(Data to use Opens)

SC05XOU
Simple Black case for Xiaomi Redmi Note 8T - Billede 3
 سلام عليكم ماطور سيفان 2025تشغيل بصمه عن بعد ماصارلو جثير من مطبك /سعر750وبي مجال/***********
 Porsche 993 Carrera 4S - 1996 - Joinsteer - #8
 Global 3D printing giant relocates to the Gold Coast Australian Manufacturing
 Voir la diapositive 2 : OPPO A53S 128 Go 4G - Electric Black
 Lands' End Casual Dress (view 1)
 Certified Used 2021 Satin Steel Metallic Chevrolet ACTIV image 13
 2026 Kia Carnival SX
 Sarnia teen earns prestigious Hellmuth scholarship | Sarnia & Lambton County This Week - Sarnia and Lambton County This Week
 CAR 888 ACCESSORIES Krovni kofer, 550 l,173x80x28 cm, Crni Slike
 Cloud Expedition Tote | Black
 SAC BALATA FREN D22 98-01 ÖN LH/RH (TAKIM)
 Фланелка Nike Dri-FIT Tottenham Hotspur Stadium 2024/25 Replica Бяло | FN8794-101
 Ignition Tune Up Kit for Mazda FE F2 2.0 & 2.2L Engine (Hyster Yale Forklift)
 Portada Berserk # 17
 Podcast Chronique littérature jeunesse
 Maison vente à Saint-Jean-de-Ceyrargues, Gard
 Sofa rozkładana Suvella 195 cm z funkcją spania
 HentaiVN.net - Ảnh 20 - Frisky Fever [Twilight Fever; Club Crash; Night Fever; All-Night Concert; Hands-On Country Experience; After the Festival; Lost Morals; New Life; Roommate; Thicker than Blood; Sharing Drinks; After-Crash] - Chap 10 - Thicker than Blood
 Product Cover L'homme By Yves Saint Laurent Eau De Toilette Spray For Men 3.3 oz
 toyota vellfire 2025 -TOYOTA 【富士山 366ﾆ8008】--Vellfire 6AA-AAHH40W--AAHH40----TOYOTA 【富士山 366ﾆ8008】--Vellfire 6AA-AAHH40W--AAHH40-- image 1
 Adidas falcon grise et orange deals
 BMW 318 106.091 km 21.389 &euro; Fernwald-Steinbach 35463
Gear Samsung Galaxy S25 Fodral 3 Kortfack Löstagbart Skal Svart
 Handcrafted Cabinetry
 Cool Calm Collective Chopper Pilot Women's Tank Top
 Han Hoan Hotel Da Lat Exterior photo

(Data to use Closes)

▸ **What you need to do**:
Transcribe all of the entries without altering anything.

▸ **Solution**:
SC05XOU
Simple Black case for Xiaomi Redmi Note 8T - Billede 3
 سلام عليكم ماطور سيفان 2025تشغيل بصمه عن بعد ماصارلو جثير من مطبك /سعر750وبي مجال/***********
 Porsche 993 Carrera 4S - 1996 - Joinsteer - #8
 Global 3D printing giant relocates to the Gold Coast Australian Manufacturing
 Voir la diapositive 2 : OPPO A53S 128 Go 4G - Electric Black
 Lands' End Casual Dress (view 1)
 Certified Used 2021 Satin Steel Metallic Chevrolet ACTIV image 13
 2026 Kia Carnival SX
 Sarnia teen earns prestigious Hellmuth scholarship | Sarnia & Lambton County This Week - Sarnia and Lambton County This Week
 CAR 888 ACCESSORIES Krovni kofer, 550 l,173x80x28 cm, Crni Slike
 Cloud Expedition Tote | Black
 SAC BALATA FREN D22 98-01 ÖN LH/RH (TAKIM)
 Фланелка Nike Dri-FIT Tottenham Hotspur Stadium 2024/25 Replica Бяло | FN8794-101
 Ignition Tune Up Kit for Mazda FE F2 2.0 & 2.2L Engine (Hyster Yale Forklift)
 Portada Berserk # 17
 Podcast Chronique littérature jeunesse
 Maison vente à Saint-Jean-de-Ceyrargues, Gard
 Sofa rozkładana Suvella 195 cm z funkcją spania
 HentaiVN.net - Ảnh 20 - Frisky Fever [Twilight Fever; Club Crash; Night Fever; All-Night Concert; Hands-On Country Experience; After the Festival; Lost Morals; New Life; Roommate; Thicker than Blood; Sharing Drinks; After-Crash] - Chap 10 - Thicker than Blood
 Product Cover L'homme By Yves Saint Laurent Eau De Toilette Spray For Men 3.3 oz
 toyota vellfire 2025 -TOYOTA 【富士山 366ﾆ8008】--Vellfire 6AA-AAHH40W--AAHH40----TOYOTA 【富士山 366ﾆ8008】--Vellfire 6AA-AAHH40W--AAHH40-- image 1
 Adidas falcon grise et orange deals
 BMW 318 106.091 km 21.389 &euro; Fernwald-Steinbach 35463
Gear Samsung Galaxy S25 Fodral 3 Kortfack Löstagbart Skal Svart
 Handcrafted Cabinetry
 Cool Calm Collective Chopper Pilot Women's Tank Top
 Han Hoan Hotel Da Lat Exterior photo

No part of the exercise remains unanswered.